Unsurprisingly, the first three commandments have to do with human relationship with God and the fundamental rule that lies above all others: “you shall have no other gods before me.” (5:7) It’s almost as if God already knew thais would be the sin that ultimately brings Israel and then Judah crashing down some centuries hence. To make sure they get the message, Moses reminds the people that “I the Lord your God am a jealous God, punishing children for the iniquity of parents, to the third and fourth generation of those who reject me.” (9) But that he will show “steadfast love to the thousandth generation of those who love me and keep my commandments.” (10)

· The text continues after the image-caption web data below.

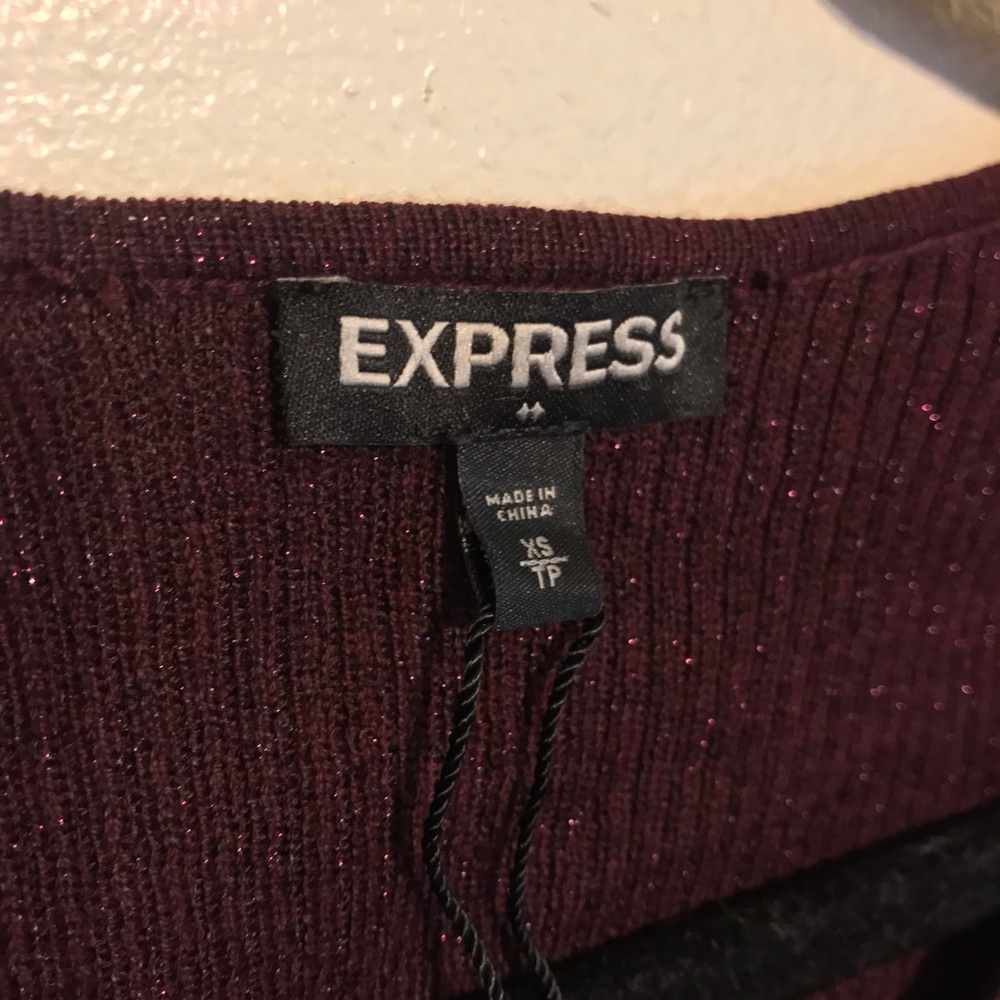 Barclay V-neck sweater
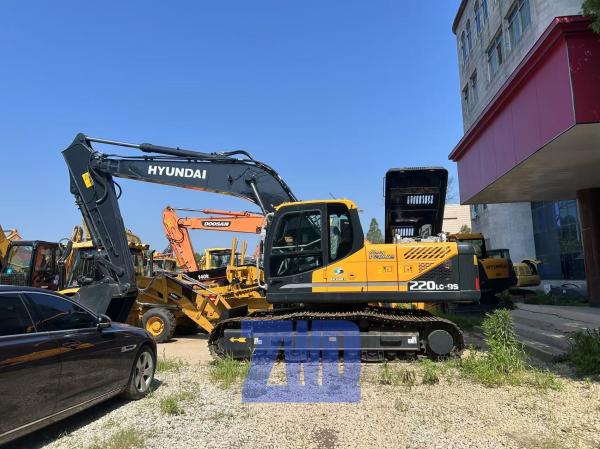 22ton Hyundai Excavator Used 220LC-9S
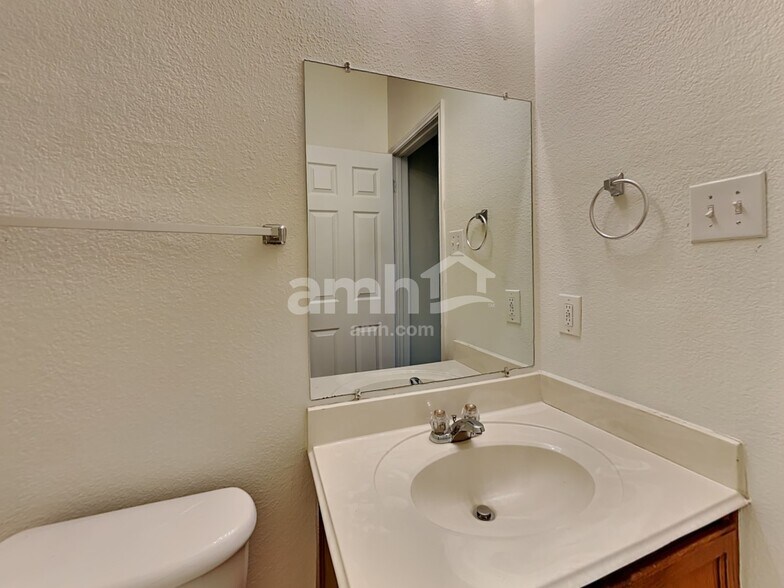 Building Photo - 1804 Heron Dr
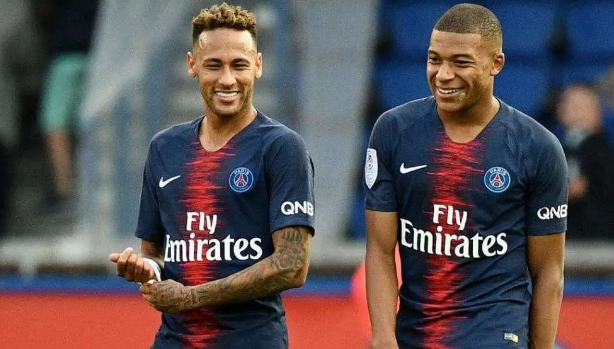 内马尔和巴黎都长舒一口气,姆巴佩伤病无大碍,可以全力拿下亚特兰大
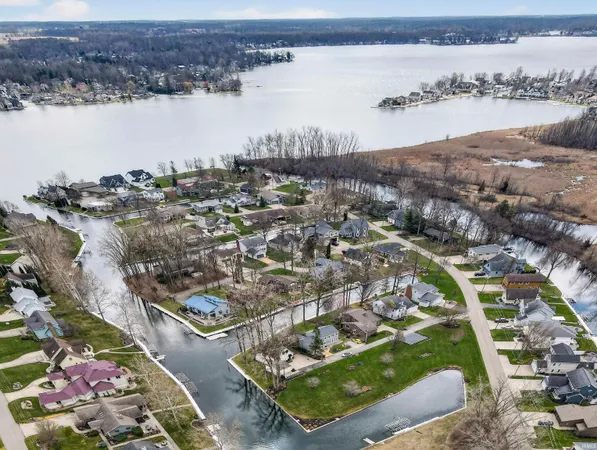 $595,000 | 12240 North Mariposa Drive, Syracuse, IN 46567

It all seems so simple, doesn’t it? Keep the law and God will love you. Well, today’s psalm demonstrates the consequences of disobedience. The Old Covenant sure looks great in principle, but practice turns out to be another thing.
Nevertheless, the seven last commandments that have to do with human-to-human relationships continue to form the basis of western civilization.
Luke 5:12–26: The healing of the leper includes a fascinating dialog we don’t see elsewhere. The leper says, “Lord, if you choose, you can make me clean.” (12), which to me means that he had absolute faith in Jesus’ ability to heal, but that Jesus could choose not to heal if he so chose. Happily for the leper, Jesus responds, “I do choose. Be made clean.” (13) This raises the issue for me that healing is not necessarily guaranteed or automatic, but that God has a choice in the matter. What we have no insight into, however, is what criteria, if any, does Jesus use to determine healing? What is necessary however, is that like the leper we must have faith that we can be healed.
Luke reminds us also, that Jesus was not in public ministry at all times, but that “he would withdraw to deserted places and pray.” (16) Jesus knew how to avoid burnout and that his number one priority was to remain connected to his Father.
Jesus is now more popular than ever and his fame has spread even to Jerusalem. “Pharisees and teachers of the law were sitting near by (they had come from every village of Galilee and Judea and from Jerusalem).” (17). Mostly, they were there to witness Jesus healing, including the case at hand, the paralytic lowered down from the ceiling of structure where Jesus was preaching by four faithful friends.
Jesus speaks not to the paralytic, but to the friends and tells them, “your sins are forgiven you.” (20) The religious authorities are outraged at this apparent blasphemy. To which Jesus calmly responds, “Which is easier, to say, ‘Your sins are forgiven you,’ or to say, ‘Stand up and walk’?” (23) He promptly heals the paralytic, who rolls up his bed and walks out, “glorifying God.“(25).
The crowd, including the Pharisees and teachers, is stunned into silence. There is no argumentation from the religious leaders; they are “filled with awe” and all they can say is, “We have seen strange things today.” (26)
The arguments with the Pharisees about blasphemy will come later, but there’s no question that from this point forward, Jesus will be seen as a dangerous vector by the religious establishment in Jerusalem. More dangerous than John the Baptist who preached, but did not heal. Jesus has truly done the more difficult and unexpected thing. That’s what makes him so dangerous then—and now.